• [THE TASK] Every line from the start of the entries up to and including the one bearing "Cupones ONCE: CUP&Oacute;N" must be printed verbatim, without the pictures.

=== PROVIDED DATA ===

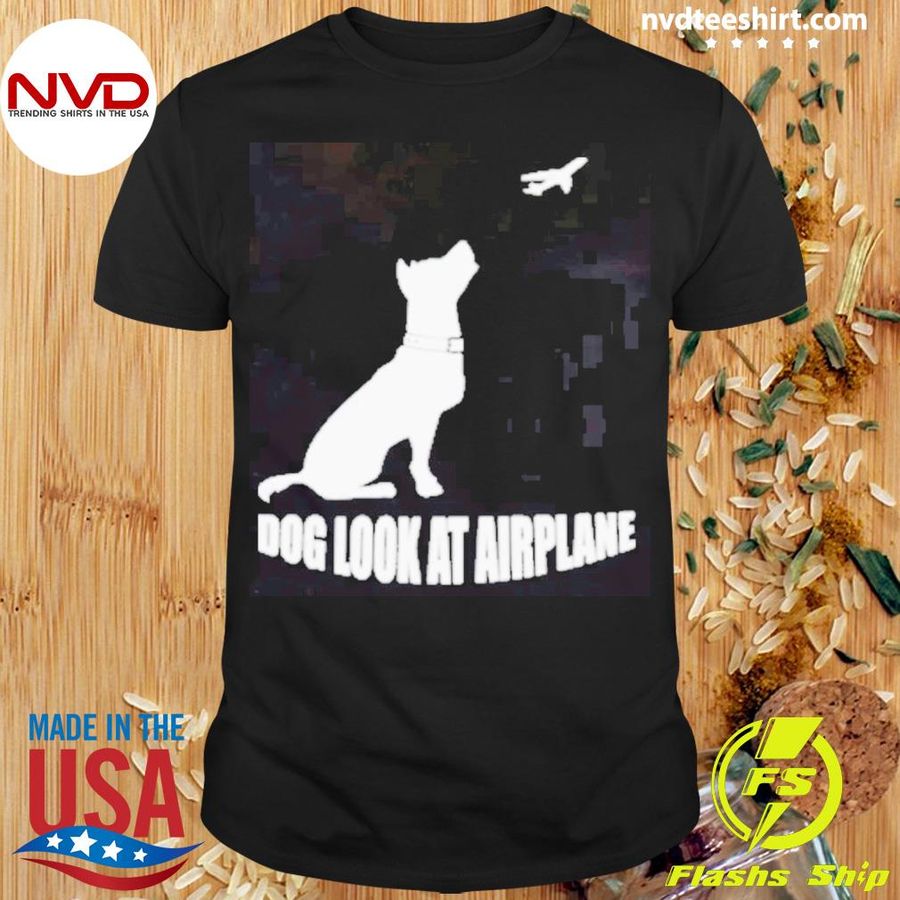 Dog Look At Airplane Shirt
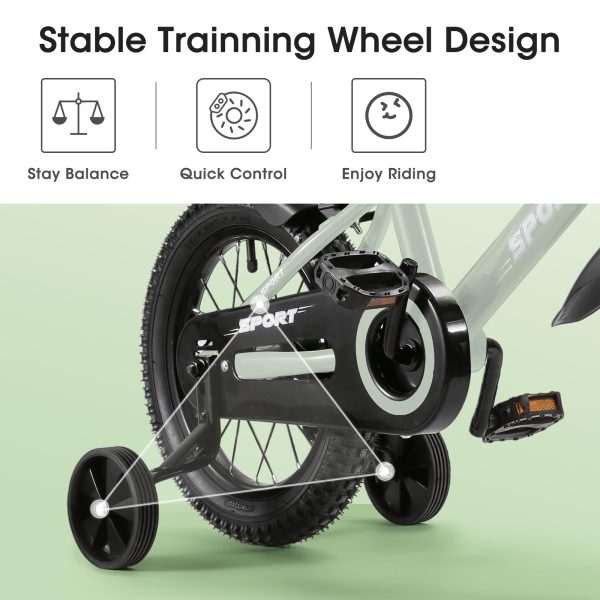 Kids Bike for Boys Girls 12 Inch Kid Bike with Removable Training Wheels Sturdy Frame Adjustable Seat Handbrake & Coaster Brake - 图片 3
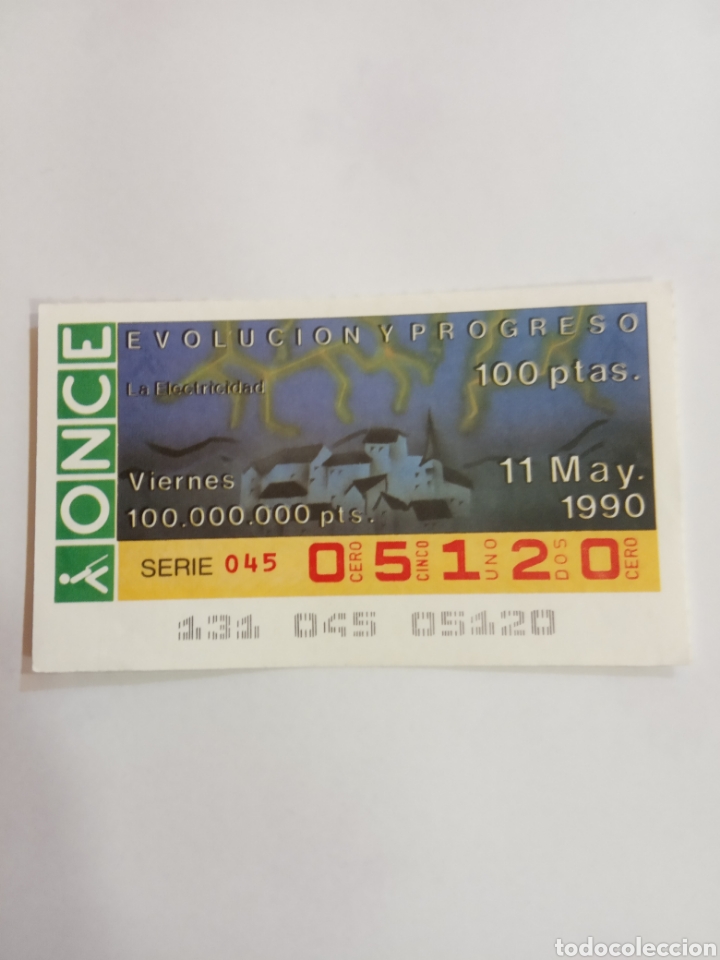 Cupones ONCE: CUP&Oacute;N DE LA ONCE DEL 11 DE MAYO DE 1990 EVOLUCI&Oacute;N Y PROGRESO ELECTRICIDAD - Foto 1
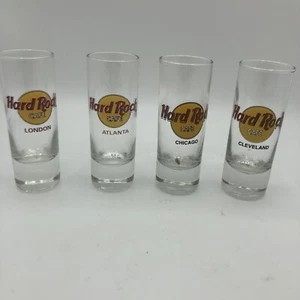 Hard Rock Cafe 4 Inch Shot Glass Lot London Atlanta Chicago Cleveland - Picture 1 of 6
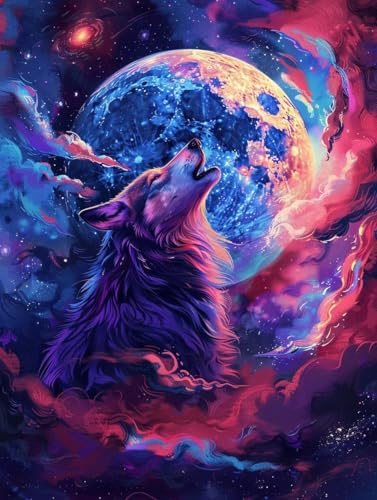 Peinture Diamant DIY Loup pour créer une décoration murale de salon chaleureuse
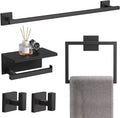 TQKAG 5-Pieces Matte Black Bathroom Hardware Accessories Set 23.6" SUS304 Stainless Steel Towel Bar Set Wall Mounted Square Toilet Paper Holder with Shelf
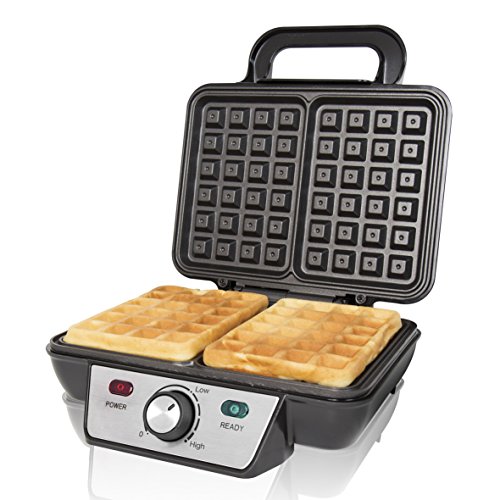 Quest 35940 Four Slice Deep Fill Waffle MakerNon-Stick Hot PlatesAdjustable TemperatureStainless Steel with Cool Touch Handle 1100W product thumbnail 9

===

• [TASK ANSWER]
 Dog Look At Airplane Shirt
 Kids Bike for Boys Girls 12 Inch Kid Bike with Removable Training Wheels Sturdy Frame Adjustable Seat Handbrake & Coaster Brake - 图片 3
 Cupones ONCE: CUP&Oacute;N DE LA ONCE DEL 11 DE MAYO DE 1990 EVOLUCI&Oacute;N Y PROGRESO ELECTRICIDAD - Foto 1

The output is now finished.